## EXERCISE INSTRUCTIONS
Retype the listing found below exactly, but leave out each picture.

## MATERIAL PROVIDED
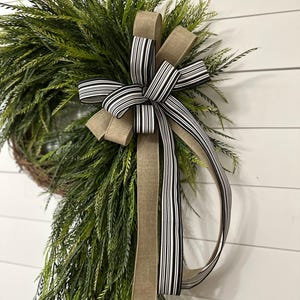 May include: A green wreath with long, thin leaves, accented by a large bow. The bow features a striped black and white ribbon, and a solid tan ribbon. The wreath is displayed against a white, wood-paneled wall.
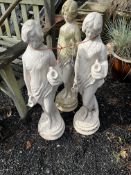 A SET OF THREE CONCRETE GARDEN FIGURES, in the form of female water carriers, 81cm high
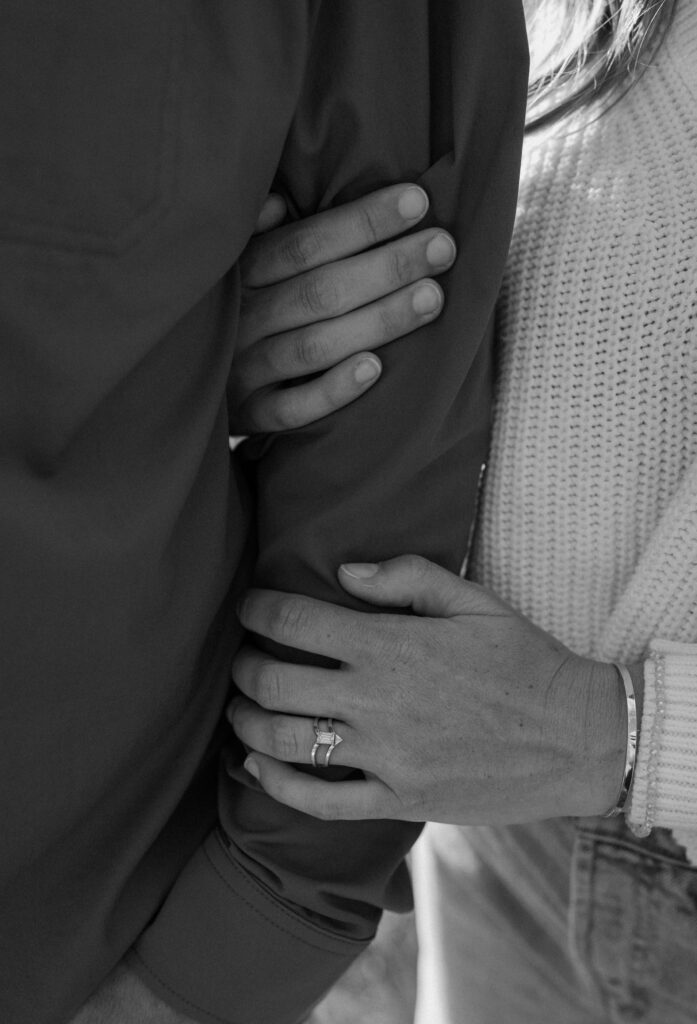 Fiancée holding fiancé's arm showing ring during engagement session at Poudre Canyon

## TASK SOLUTION
 May include: A green wreath with long, thin leaves, accented by a large bow. The bow features a striped black and white ribbon, and a solid tan ribbon. The wreath is displayed against a white, wood-paneled wall.
 A SET OF THREE CONCRETE GARDEN FIGURES, in the form of female water carriers, 81cm high
 Fiancée holding fiancé's arm showing ring during engagement session at Poudre Canyon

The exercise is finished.